Au-delà du protocole, les qualités substantielles pour accéder au trône et les règles de succession sont principalement fixées par le Bill of Rights de 1689, l’Act of Settlement de 1701 et le Succession of the Crown Act de 2013.

Quel est le rôle du Conseil d’accession ?

En vertu de l’adage Rex nunquam moritur (« le roi ne meurt jamais »), le prince de Galles est devenu roi à l’instant où la reine a rendu son dernier soupir. Rapidement, le nouveau monarque a fait part du titre qu’il a choisi et a rencontré le Premier ministre avant une première adresse à ses sujets. Le Cabinet dévoile le cadre du deuil national et des funérailles d’État.

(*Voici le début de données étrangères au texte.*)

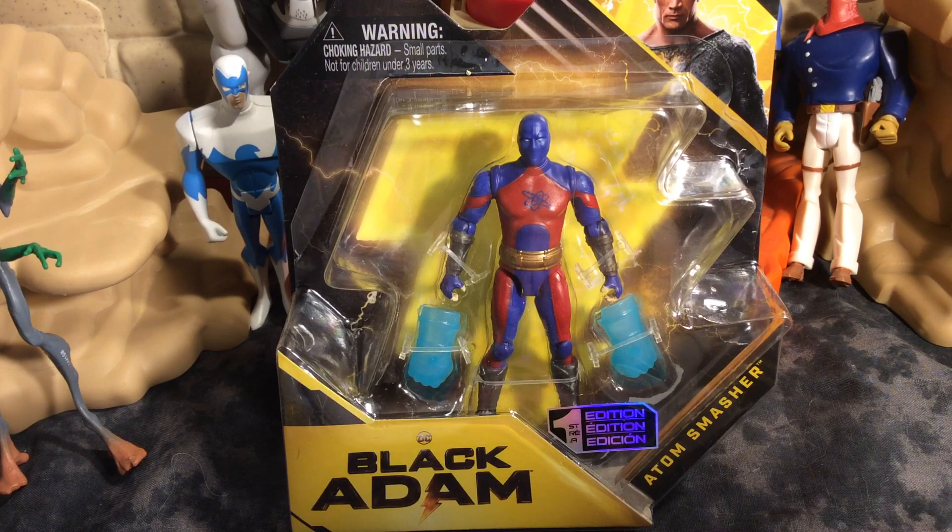Welcome, one and all, to the Dark Cosmic Universe. My name is Avian Savage. Welcome.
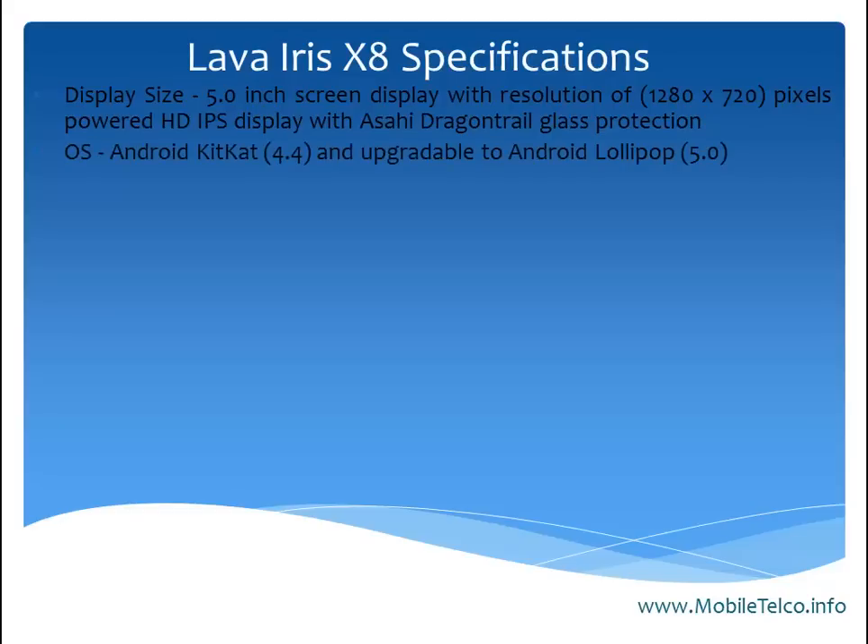The smartphone comes out of the box with Android KitKat 4.4, and in the future you can upgrade to Android Lollipop 5.0. This smartphone features a dual SIM slot and has great dimensions.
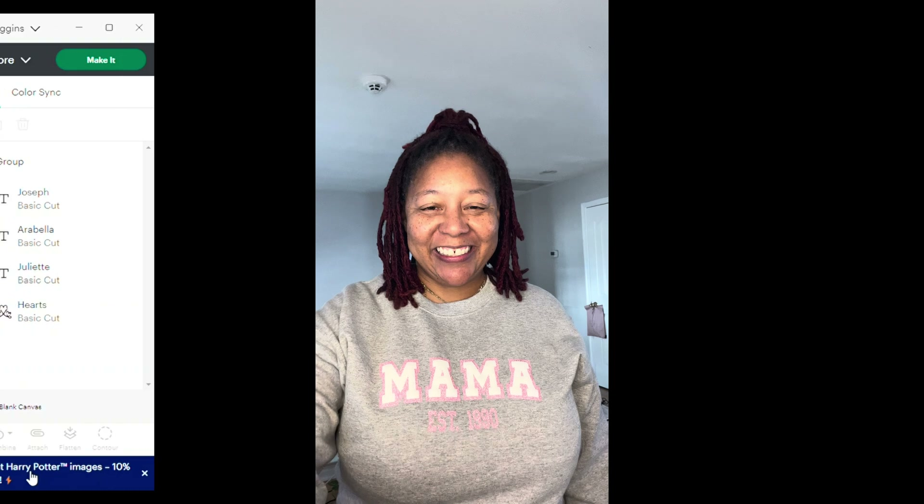I'll hit the lock proportions button. I want to make Malcolm's name a little bit taller, so I'll unlock the proportions and fix his name to make it a little bigger. Let me also make sure all the names are the same size because it looks like they got distorted a little bit. Okay, that looks about right.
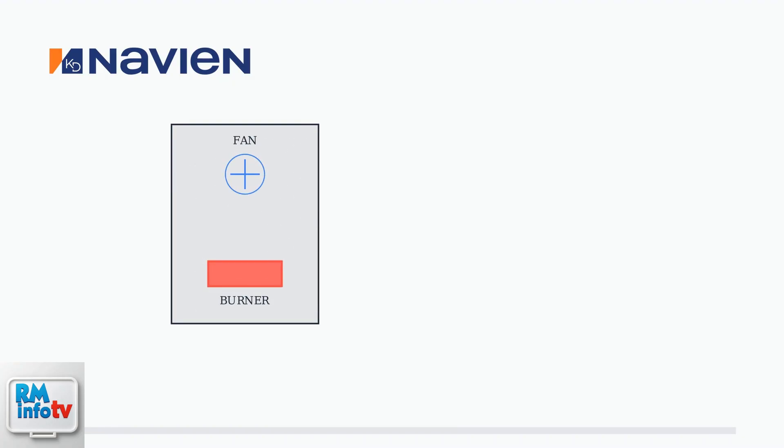The Navien tankless water heater has a special feature called the post-purge cycle that plays a crucial role in the unit's operation. The post-purge cycle occurs when the unit's fan continues to run for a short period after the main burner has shut off. When the burner shuts off, the fan keeps running — this is the post-purge cycle in action.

Les formalités juridiques et protocolaires ont pour objet de prendre acte du changement de monarque et de la transmission de la Couronne (l’expression juridique Demise of the Crown est utilisée). C’est à ce titre que le Conseil d’accession intervient. L’ordonnance en Conseil qui est prise est un acte reconnaissant et confirmant un fait juridique préexistant. Il n’y a jamais eu de recours juridictionnels contre cet acte, mais le monarque a pu saisir le Judicial Committee of the Privy Council, (aujourd’hui émanation de la Cour suprême du Royaume Uni et cour suprême des territoires ultra-marins, des Dépendances de la Couronne et de quelques États appartenant au Commonwealth), afin d’obtenir des éclaircissements sur l’obligation de certains corps constitués et des plus hauts fonctionnaires de l’État de renouveler leur serment à la Couronne[2].

Quelles sont les étapes qui se déroulent au sein du Conseil avant la proclamation officielle ?

Dans un premier temps, la réunion du Conseil d’accession au trône au palais de Saint James à Londres se déroule à huis clos. Cette assemblée est une émanation du Conseil privé du monarque (organe original de l’Exécutif disposant d’un pouvoir de conseil et de décision lié à l’exercice de la prérogative royale), convoqué par la présidente (actuellement Penny Mordaunt, en outre ministre chargée des Relations avec la Chambre des Communes). Il est composé des principaux membres du Conseil privé et de plusieurs autorités supplémentaires comme le Lord Mayor de la City of London (et de ses administrateurs élus) ou encore les hauts commissaires des royaumes du Commonwealth dont le monarque britannique est chef d’État. 200 personnes environ assistent au Conseil. Il consent à la proclamation d’accession préparée par le gouvernement et valide le nom du nouveau monarque. Le texte est signé par les membres de la famille royale faisant partie du Conseil privé, les archevêques de Canterbury et de York, le Lord Chancelier, le Premier ministre, et trois grands officiers royaux (le Lord du Sceau privé, le Lord Grand chambellan et le comte Marshal).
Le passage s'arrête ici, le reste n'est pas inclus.